Choosing a Hoop Size

choose a bigger hoop size for the bow

At first, my plan was to use the smallest hoop I have available for my machine to save on stabilizer and also make centering the bow easier. As it turns out, this did not produce my best results. Because the hoop was so small, the bow rested on the side of the hoop. This meant it didn’t have as secure of a grip to the stabilizer underneath. (See above.)

My best results came from using a hoop where the entire ribbon tail and bow would fit within the edges of the hoop frame. (This was done with a 4″x4″ hoop since my bows were pretty small.)

How to Embroider Hair Bows: Step-By-Step Tutorial

Now, let’s get into how to make monogrammed hair bows using premade bows!

Prepping the Hair Bow

The first thing you need to do is mark the bow where you want the center of the design to go. While you can eyeball this or measure with a ruler, sometimes printing out a template from your embroidery software can be helpful! It’s a matter of personal preference, but I like my monograms closer to the bottom of the ribbon rather than near the center of the bow.

I used a water-soluble fabric marking pen to make a vertical and horizontal line on the bow to denote design placement. For my dark bows, I used a chalk wheel since the pen wouldn’t show up.

Preparing the Hoop & Floating the Bow

Next, hoop one layer of sticky self-adhesive stabilizer. The rougher, papery part of the stabilizer will be facing down, and the slick, white backing will be facing up. (Read: how to hoop in embroidery for tips and tricks if you need!)

hoop sticky self-adhesive stabilizer

Then, take the tip of a sharp pin and run it around the edge of the stabilizer inside the hoop making sure not to poke through the stabilizer. This is called scoring and will help you remove the paper backing.

Now, remove the paper backing off the top of the stabilizer to reveal the sticky surface. It’s easiest if you start removing the backing from one of the corners where you scored it and pull. It doesn’t have to be perfect or pretty! As long as the area where you plan to stick the bow has no backing. And if you’d like, this is a good time to draw pencil marks on the stabilizer where the center of the hoop is. (This makes centering the bow in the hoop easier. Just make sure not to poke through the stabilizer. The lines will be just visible.)

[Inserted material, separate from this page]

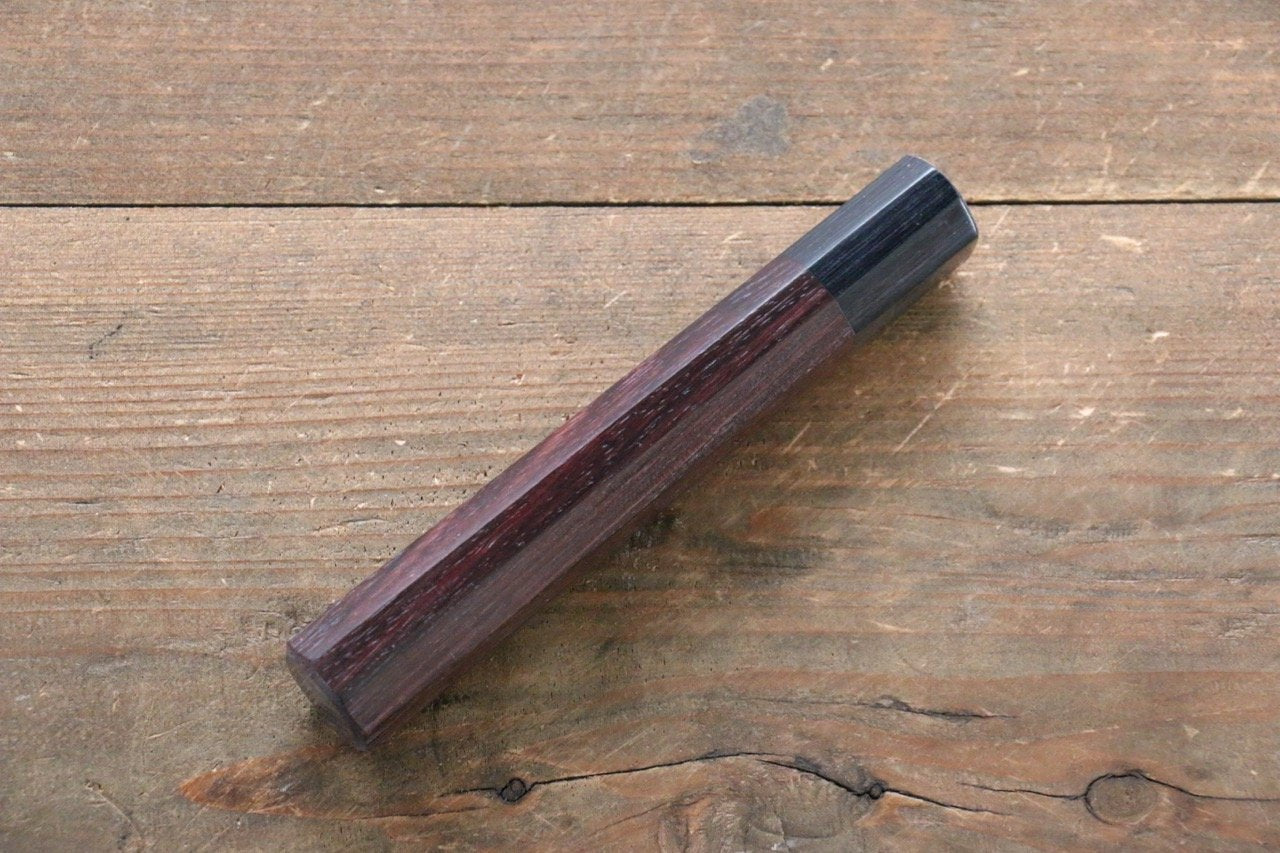 Octagonal Shitan Rosewood Knife Handle (Santoku 180mm) - Seisuke Knife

score the top off the stabilizer and mark the center with a pencil

Now, press the ribbon part of the hair bow onto the center of the stabilizer. Make sure the marked lines of the bow line up with the marked lines of the stabilizer. I found it easiest if I floated the bow with the largest part of it facing away from the inside of the machine. If your machine embroidery arm has a different orientation, you may want to play with hooping to find the best direction.

how to hoop a ribbon hair bow

Embroidering the Hair Bow

Now, gently place your hoop into the arm of your embroidery machine. Line up the embroidery foot with the center of the marked area on the bow.

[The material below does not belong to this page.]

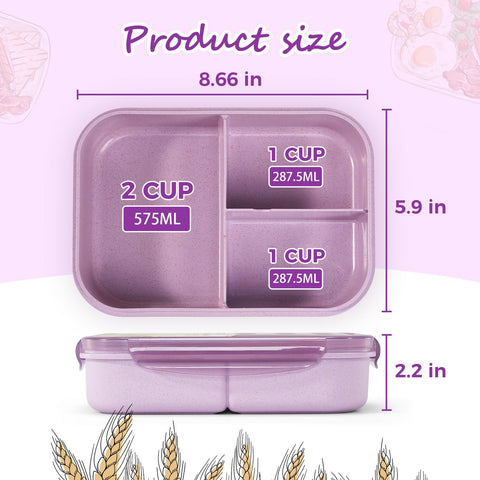 MISS BIG lunch box portable design fits in bags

line up the center of the hair bow with the embroidery fot

Load your design, and make sure it is oriented in the correct direction. Do a quick check to make sure you have the right needle, the right top thread, and the right bobbin thread. I didn’t care what the back of the bow looked like, so I kept my white bobbin thread loaded.

make sure to orient the line the right way

Then, make sure you preview the design on your machine at all four corners to make sure the bow is not going to run into the machine head or presser foot during stitching.

Finishing Touches

Once the bow has been embroidered, remove the stabilizer from the hoop. Then, gently tear it away from the back of the grosgrain ribbon. I had the best results when I gently held the center of the monogram with one hand to keep it from distorting or being pulled from the pressure of ripping away the stabilizer.

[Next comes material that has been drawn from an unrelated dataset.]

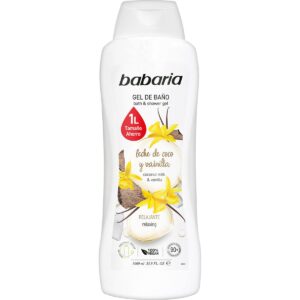 Gel ducha leche de coco y vainilla Babaria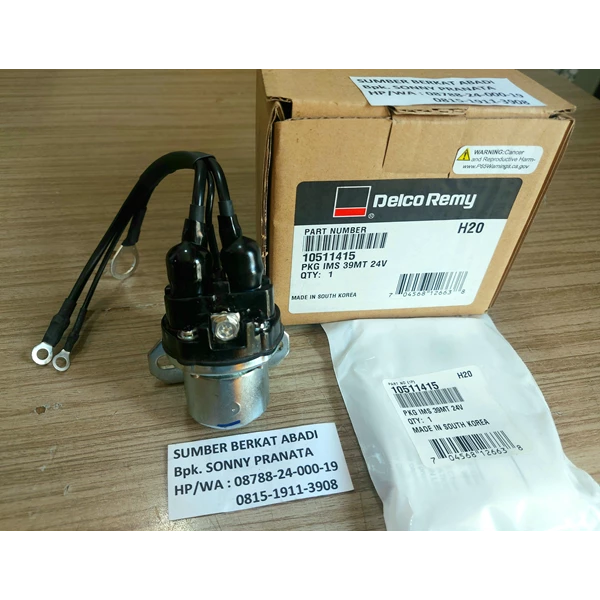 DELCOREMY 10511415 39MT 24V 10520321 IMS KIT SWITCH RELAY SOLENOID PLGR STARTERS - GENUINE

remove the bow and stabilizer from the hoop

Then, trim any jump stitches with a small pair of embroidery scissors. And lastly, remove the markings from your bow. For me, this meant running the bow under water for a couple of seconds. Once the bow dried, it was perfect!

And that’s it!

How to Embroider Hair Bows – Final Notes

I hope this embroidery machine tutorial has taught you everything you need to know about making monogrammed bows. These are cute, easy, and inexpensive gifts for friends and family!